A drop in local gold prices to a three-week low prompted a wave of buying in India on Monday, while an upcoming weeklong holiday in China has generated some physical gold buying interest.
Gold demand traditionally rises in the last quarter of the year in India and China, the world's top two gold consumers, as consumers buy gold for festival celebrations and weddings that typically take place during this season.
India's benchmark gold price dropped to a two-week low of Rs 31,281 per 10 grams, as the Indian currency continued to rally and climbed to a 4-1/2-month high.
"The buying interest is much higher than last week, mostly because the rupee has appreciated substantially," said a dealer at a private-sector bank in Mumbai, adding that physical demand might be sustained if prices held below Rs 32,000.

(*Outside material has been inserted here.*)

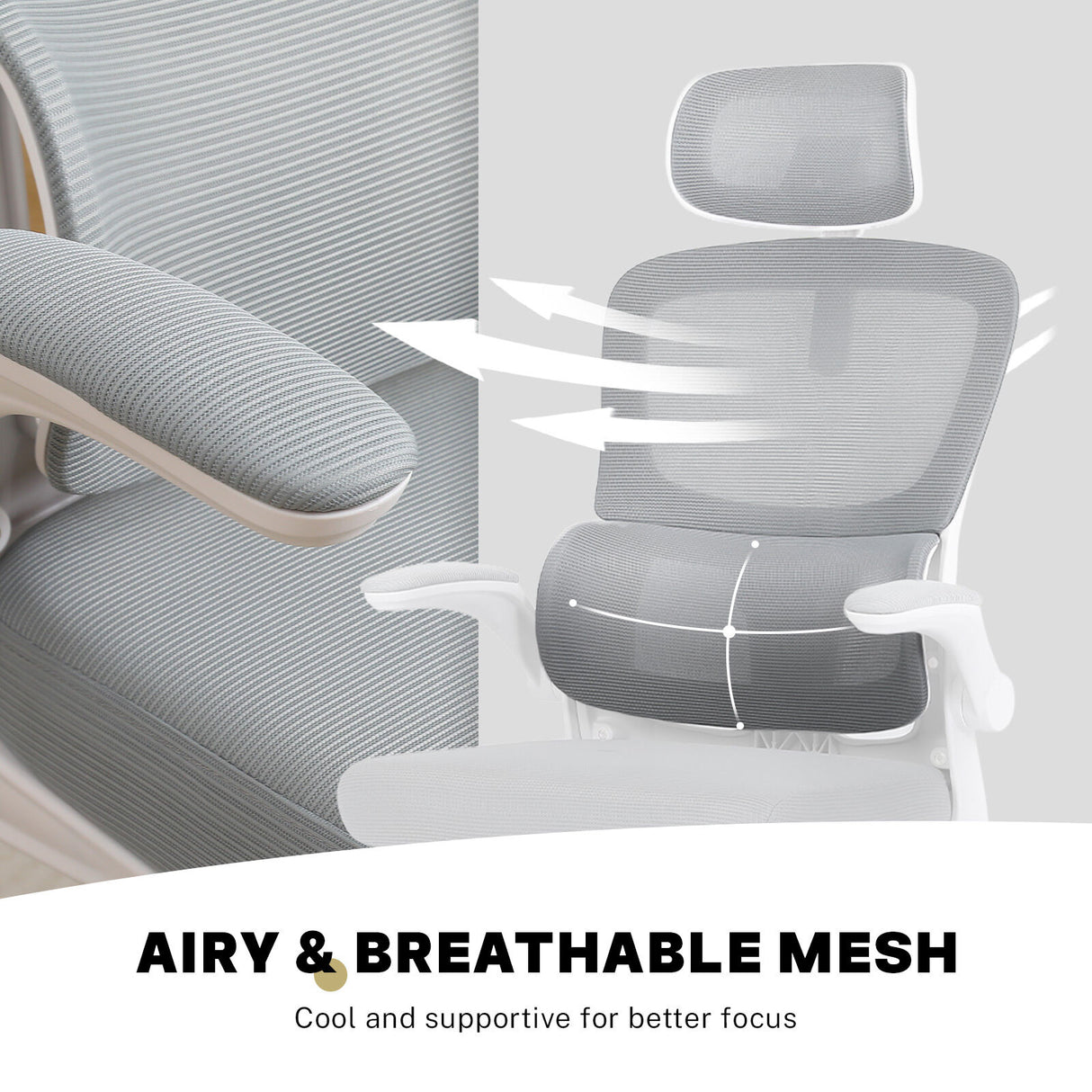 Bridgetown grey mesh office chair with flip up armrests in a home office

India is gearing up towards the festival and wedding season, which will peak with Diwali in November. Gold is an essential component of dowry and gifts presented during the festival celebrations.
The weeklong National Day holiday at the beginning of October in China, usually marked by busy jewellery retail business, helped generate some buying in Hong Kong, while in Singapore there was a mix of light buying and selling, dealers said.

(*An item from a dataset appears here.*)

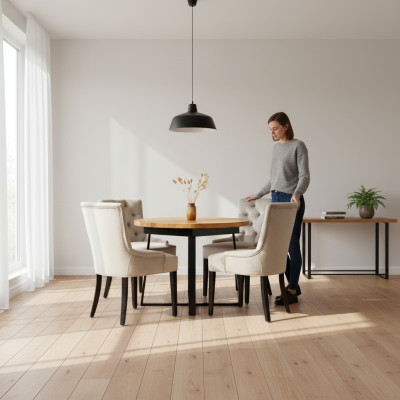 Ensemble de salle à manger Table + 4 chaises Chesterfield en bois avec siège rembourré suite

Spot gold lost half a percent to $1,762.7 an ounce by 0749 GMT, easing from $1,787.20 hit in the previous session and marking the highest level in nearly seven months.
"The amount of buying is higher than a month ago, but still not much," said Ronald Leung, a physical dealer at Lee Cheong Gold Dealers in China.

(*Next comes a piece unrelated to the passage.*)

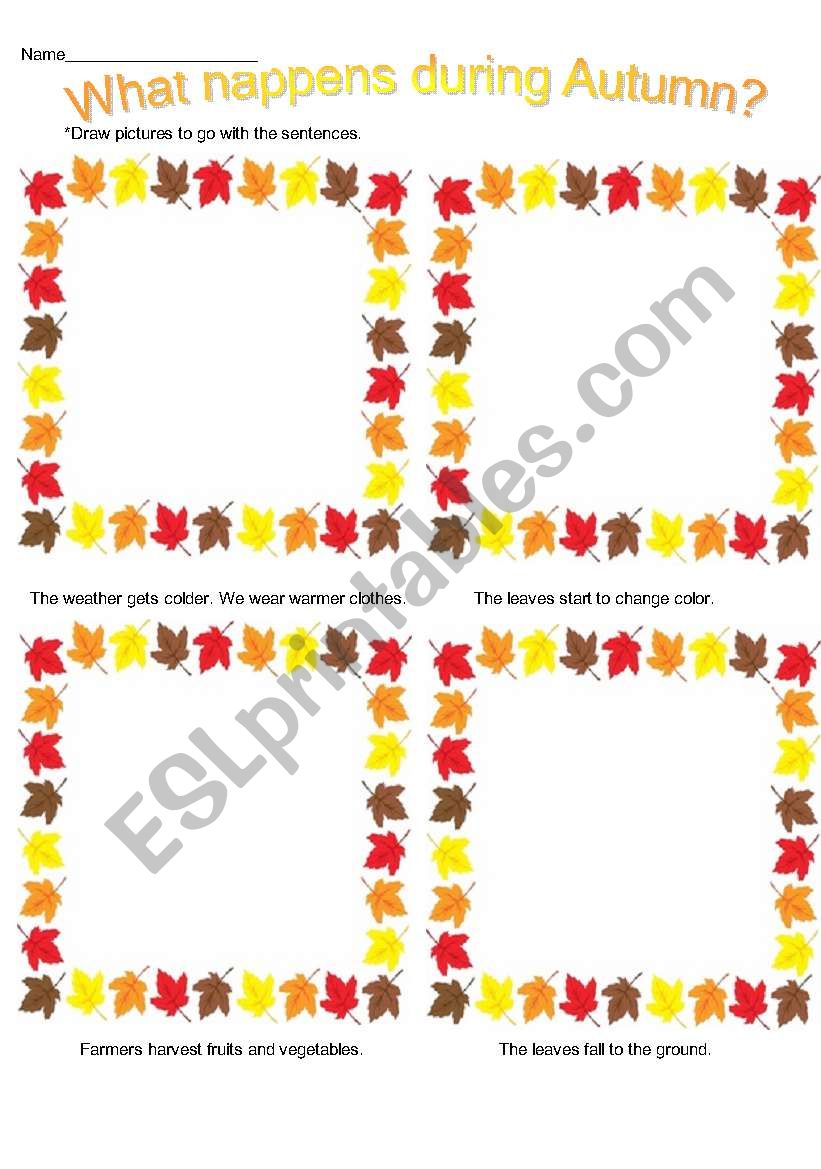 Changes in Autumn worksheet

Political uncertainty ahead of a leadership change in China next month added to the reluctance of consumers to spend lavishly on jewellery. They have already become less inclined to buy luxury goods as economic growth appeared to be slowing, he added.
"There is a lot of uncertainty on the policy side, and we will probably see a clear picture in October," said Leung.
China's gold jewellery demand in the first half of the year increased slightly from a year earlier to 250.4 tonnes, though second-quarter demand dropped 9 percent on the year, according to the World Gold Council.
Gold bar premiums in Hong Kong were steady, quoted in a range of 40 cents to $1 above London prices. In Singapore, premiums were little changed at 20 to 40 cents, dealers said.